▶ [Requirement]: From the line holding "Haveli Braj Bhushanjee, Heritage" through the line holding "Any FPL gods out here? 👀" below, write out every line exactly; include both of those lines and drop the pictures.

▶ [The records]:

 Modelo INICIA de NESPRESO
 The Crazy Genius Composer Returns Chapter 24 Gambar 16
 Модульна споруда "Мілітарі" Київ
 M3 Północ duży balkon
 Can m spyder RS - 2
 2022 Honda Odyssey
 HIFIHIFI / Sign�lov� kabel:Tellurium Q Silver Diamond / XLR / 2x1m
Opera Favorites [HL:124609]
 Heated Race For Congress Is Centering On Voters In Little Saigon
...
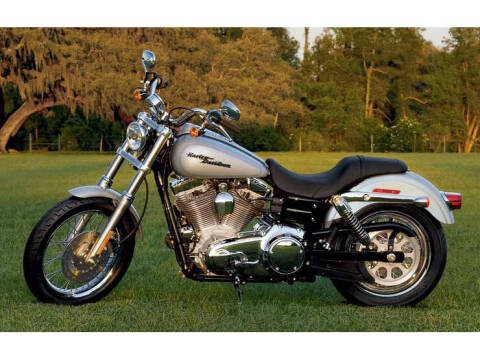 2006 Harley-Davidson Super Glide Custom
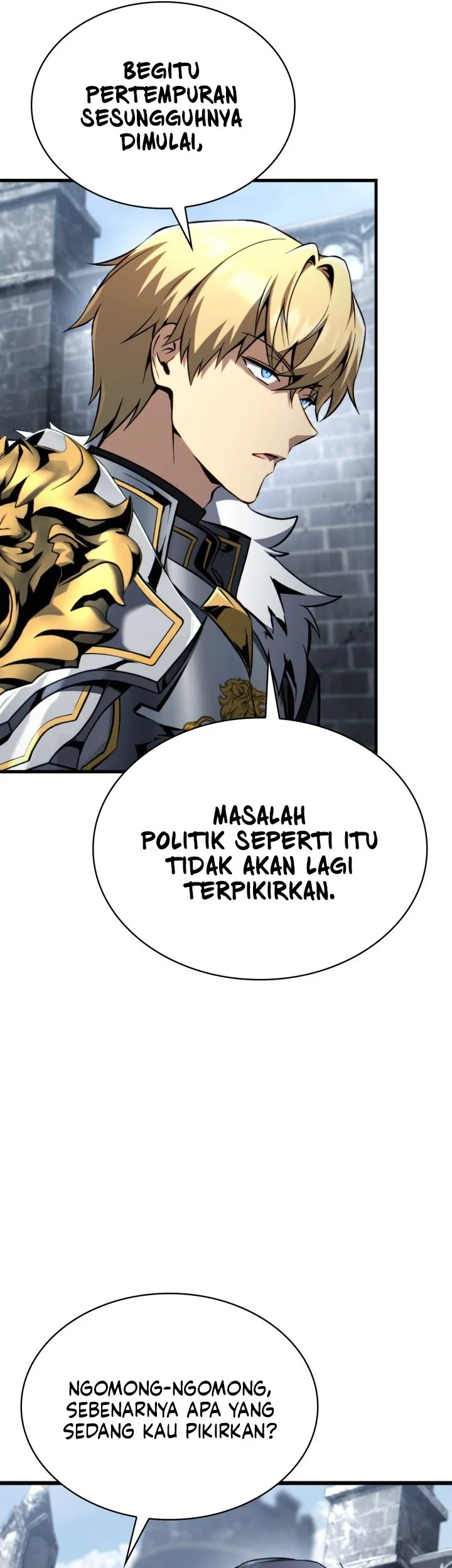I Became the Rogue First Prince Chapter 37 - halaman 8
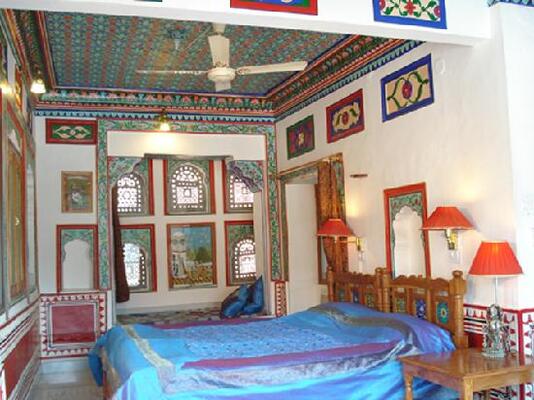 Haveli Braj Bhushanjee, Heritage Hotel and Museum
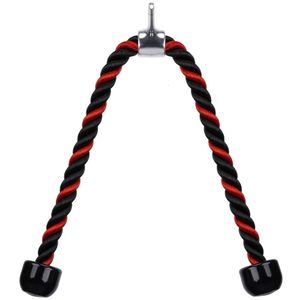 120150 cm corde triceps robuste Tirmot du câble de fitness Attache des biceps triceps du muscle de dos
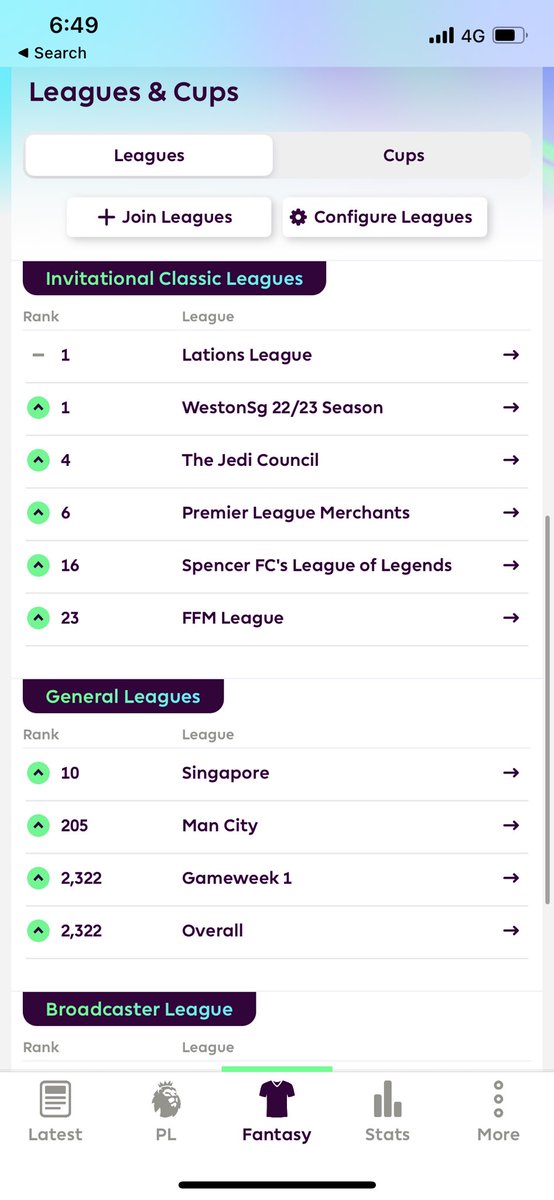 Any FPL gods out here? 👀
--
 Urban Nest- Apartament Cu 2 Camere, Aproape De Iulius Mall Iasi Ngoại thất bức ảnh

▶ [Written answer]:
 Haveli Braj Bhushanjee, Heritage Hotel and Museum
 120150 cm corde triceps robuste Tirmot du câble de fitness Attache des biceps triceps du muscle de dos
 Any FPL gods out here? 👀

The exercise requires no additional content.